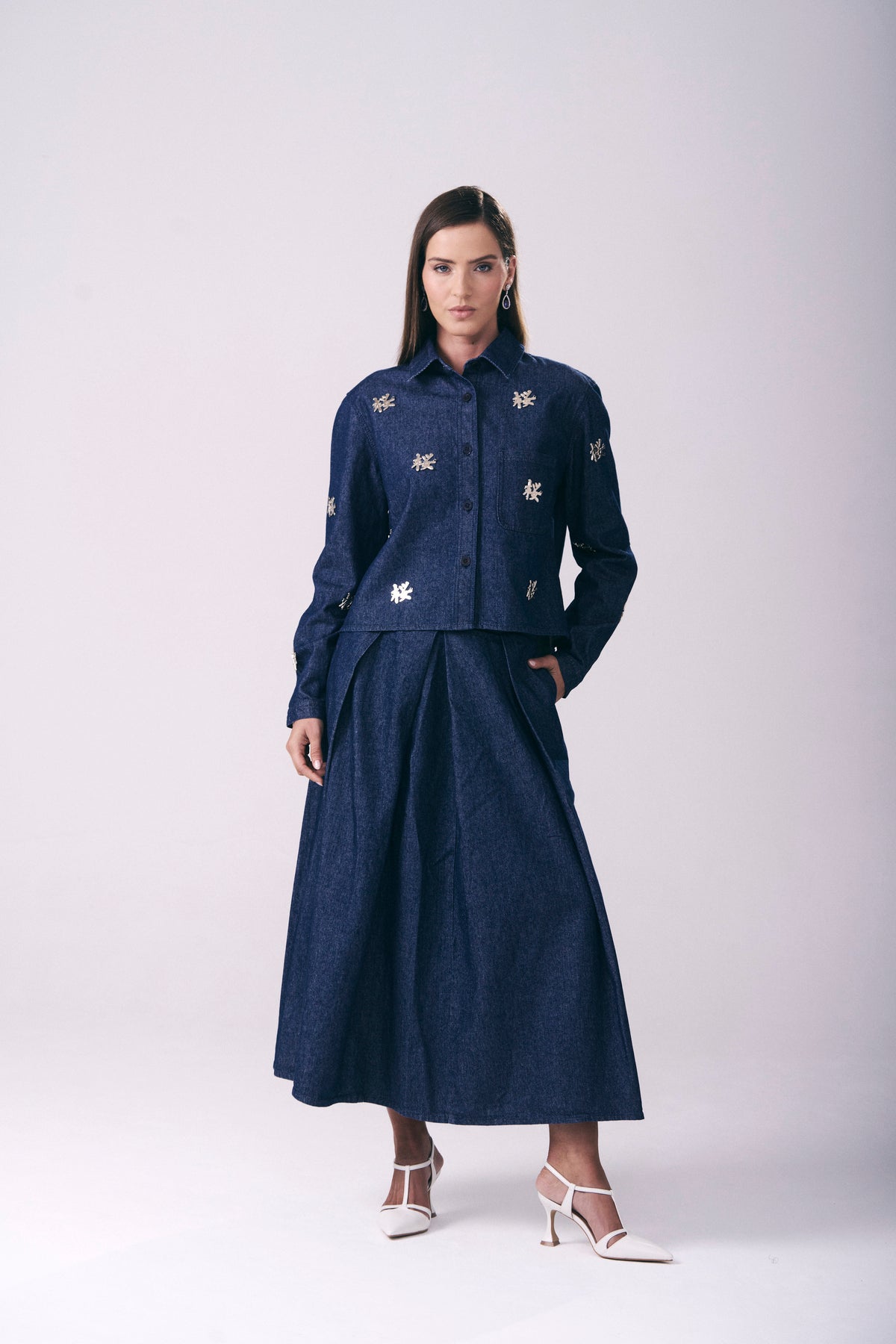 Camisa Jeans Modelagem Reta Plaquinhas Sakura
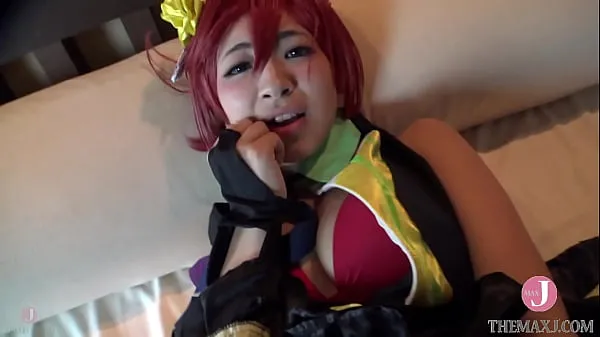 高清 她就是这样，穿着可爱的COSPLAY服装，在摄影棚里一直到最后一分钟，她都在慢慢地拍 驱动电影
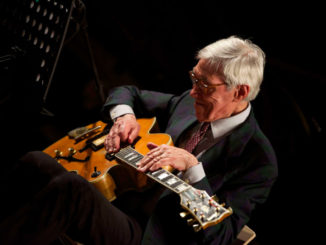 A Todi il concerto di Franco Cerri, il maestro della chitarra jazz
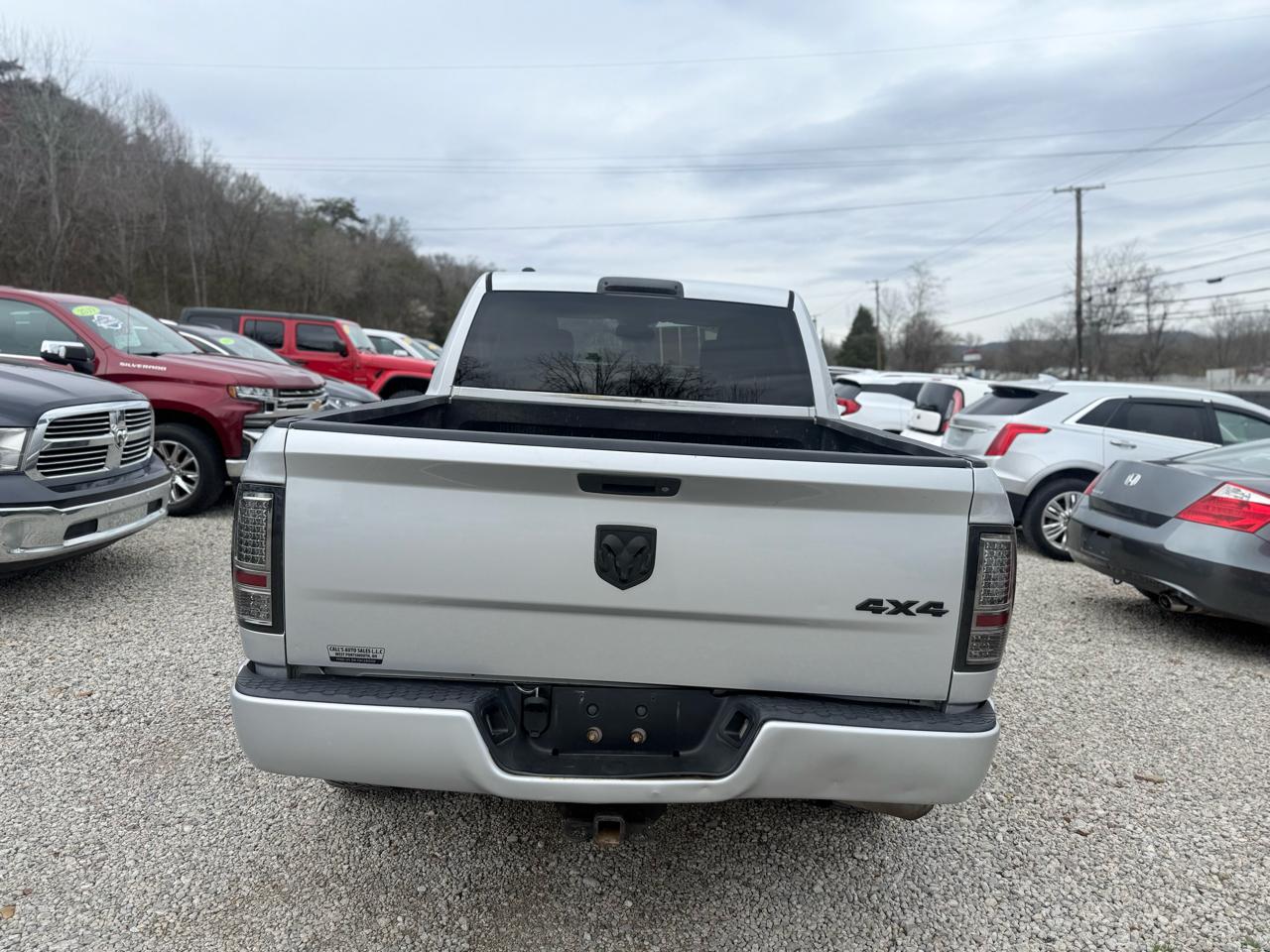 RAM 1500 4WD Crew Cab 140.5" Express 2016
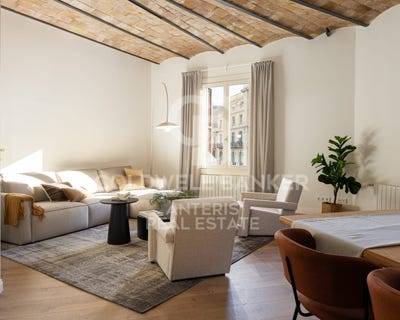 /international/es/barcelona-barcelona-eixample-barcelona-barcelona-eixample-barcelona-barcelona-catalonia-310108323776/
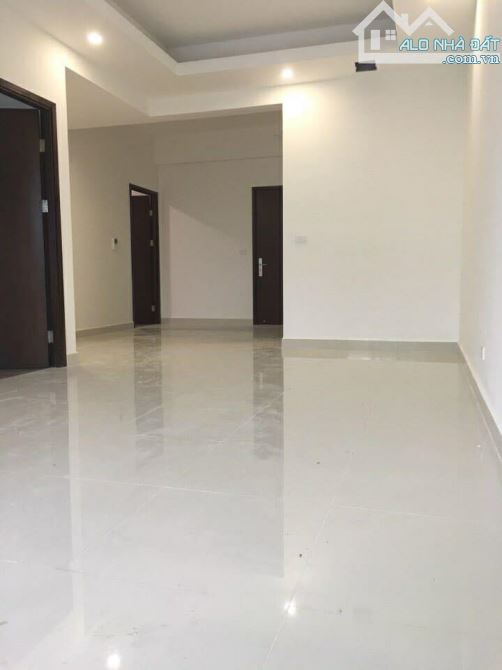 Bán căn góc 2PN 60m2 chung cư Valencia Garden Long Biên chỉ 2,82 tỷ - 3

::::::::::

Each line from the one holding "高清 她就是这样，穿着可爱的COSPLAY服装，在摄影棚里一直到最后一分钟，她都在慢慢地拍 驱动电影" through the last line of the records above must be duplicated exactly, and pictures must not be.

Solution for this exercise:
 高清 她就是这样，穿着可爱的COSPLAY服装，在摄影棚里一直到最后一分钟，她都在慢慢地拍 驱动电影
 A Todi il concerto di Franco Cerri, il maestro della chitarra jazz
 RAM 1500 4WD Crew Cab 140.5" Express 2016
 /international/es/barcelona-barcelona-eixample-barcelona-barcelona-eixample-barcelona-barcelona-catalonia-310108323776/
 Bán căn góc 2PN 60m2 chung cư Valencia Garden Long Biên chỉ 2,82 tỷ - 3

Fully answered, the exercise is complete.